There are 3 primary components that we back up for each of our Managed Environments:
- Application Server configurations
- Database Server configuration and data
- Content (like SCORM and xAPI content)
Application Server Backups and DR:
- Application servers live in multiple, geographically separate data centers. We can lose an entire datacenter and your application servers will keep running just fine.
- Application servers are monitored by their load balancers. The load balancer regularly connects to our healthcheck APIs to verify that all of the system’s major components are online. If a health check fails, the instance is marked as unhealthy, terminated, and replaced by a fresh instance, and the support team is notified.
- Our continuous integration (CI) system builds your hosts from scratch every time we deploy an update. If we need to rebuild your application servers in the event of a disaster, we just rerun a CI job and new hosts are created from scratch.
- Config data for application servers is stored in Git repositories and region-specific Consul clusters. Consul Key/Value and service data is backed up prior to all changes.
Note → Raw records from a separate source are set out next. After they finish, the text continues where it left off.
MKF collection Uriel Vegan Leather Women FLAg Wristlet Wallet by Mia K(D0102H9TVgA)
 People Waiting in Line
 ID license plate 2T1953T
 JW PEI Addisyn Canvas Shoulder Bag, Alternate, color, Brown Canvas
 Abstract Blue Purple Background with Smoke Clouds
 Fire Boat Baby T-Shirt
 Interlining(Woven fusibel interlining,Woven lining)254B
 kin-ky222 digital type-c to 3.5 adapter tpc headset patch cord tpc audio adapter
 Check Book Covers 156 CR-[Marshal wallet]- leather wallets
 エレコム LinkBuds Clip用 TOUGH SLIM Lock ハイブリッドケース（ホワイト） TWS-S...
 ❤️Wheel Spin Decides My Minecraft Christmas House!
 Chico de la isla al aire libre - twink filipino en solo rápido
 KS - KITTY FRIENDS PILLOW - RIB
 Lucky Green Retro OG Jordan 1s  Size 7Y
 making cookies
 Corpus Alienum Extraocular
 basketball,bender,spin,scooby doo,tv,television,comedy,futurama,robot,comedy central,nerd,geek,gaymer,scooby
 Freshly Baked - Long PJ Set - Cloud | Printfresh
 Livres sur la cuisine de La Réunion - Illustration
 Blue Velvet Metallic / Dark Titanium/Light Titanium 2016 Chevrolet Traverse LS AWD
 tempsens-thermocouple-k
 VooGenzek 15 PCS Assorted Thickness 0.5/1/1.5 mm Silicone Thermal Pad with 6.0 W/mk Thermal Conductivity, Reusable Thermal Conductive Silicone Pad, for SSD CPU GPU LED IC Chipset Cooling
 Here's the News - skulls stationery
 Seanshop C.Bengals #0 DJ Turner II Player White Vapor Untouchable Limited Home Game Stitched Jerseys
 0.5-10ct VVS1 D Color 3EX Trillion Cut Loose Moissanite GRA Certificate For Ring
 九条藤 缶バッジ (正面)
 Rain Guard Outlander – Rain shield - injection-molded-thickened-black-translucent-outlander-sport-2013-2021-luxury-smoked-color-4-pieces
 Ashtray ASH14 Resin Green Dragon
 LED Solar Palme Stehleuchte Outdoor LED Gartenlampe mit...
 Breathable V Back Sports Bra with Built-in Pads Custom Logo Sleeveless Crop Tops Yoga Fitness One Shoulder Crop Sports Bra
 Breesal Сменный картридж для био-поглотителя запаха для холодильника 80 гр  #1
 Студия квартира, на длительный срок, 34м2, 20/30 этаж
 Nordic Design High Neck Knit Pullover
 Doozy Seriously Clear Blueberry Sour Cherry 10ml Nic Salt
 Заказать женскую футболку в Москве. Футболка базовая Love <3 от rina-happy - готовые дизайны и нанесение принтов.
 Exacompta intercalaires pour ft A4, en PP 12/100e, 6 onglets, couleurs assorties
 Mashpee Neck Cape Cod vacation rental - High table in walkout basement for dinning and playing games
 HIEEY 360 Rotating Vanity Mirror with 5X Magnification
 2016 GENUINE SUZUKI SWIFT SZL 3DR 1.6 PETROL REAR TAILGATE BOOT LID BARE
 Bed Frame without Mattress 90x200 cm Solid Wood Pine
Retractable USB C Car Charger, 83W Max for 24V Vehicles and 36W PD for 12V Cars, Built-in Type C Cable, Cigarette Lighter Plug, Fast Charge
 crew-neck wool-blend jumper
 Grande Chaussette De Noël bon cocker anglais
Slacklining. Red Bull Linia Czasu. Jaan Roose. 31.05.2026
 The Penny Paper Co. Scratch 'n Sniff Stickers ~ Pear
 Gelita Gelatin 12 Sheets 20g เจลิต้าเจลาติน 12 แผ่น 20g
- If we experience continuous failures in a particular environment, the Dev/Ops team will be alerted via slack message, SMS, and an automated phone call to the on-call engineers.
Database Servers:
- Database servers live in multiple, geographically separate data centers in a hot spare configuration. In the event that the primary master server fails its health checks, the system automatically fails over to the secondary master server in the alternate datacenter. The failed primary server marks itself as failed and alerts the Dev/Ops team. A Dev/Ops team member must then determine the root cause of the issue before we initiate the resync of the failed master to the new primary.
- Transaction logs are spooled from the primary master to the secondary master.
- Nightly disk-level snapshots are taken and stored in S3.
- Nightly MySQL dump backups are taken and stored in S3. These backups are kept in a separate location from the disk-level snapshot backups. We maintain these separate backups as a precaution in the event that a snapshot backup is corrupted or otherwise unrecoverable.
- If we experience a database failover event, the Dev/Ops team will be alerted via slack message, SMS, and an automated phone call to the on-call engineers. The Dev/Ops team will then verify that the environment is stable on the secondary server before troubleshooting the issue further.
Content Filestores:
- Per Amazon, S3 has 99.9999% durability. Yay for durability! By its nature, S3 is geographically distributed across multiple datacenters.
- We store all course content in versioning-enabled S3 buckets. In the event that an object is deleted, we can restore from the previous version.
- The S3 buckets are backed up by a script each night that copies them to a secondary bucket. In the event of an error that accidentally damages or destroys the S3 bucket that holds the content, the content can be restored from this backup.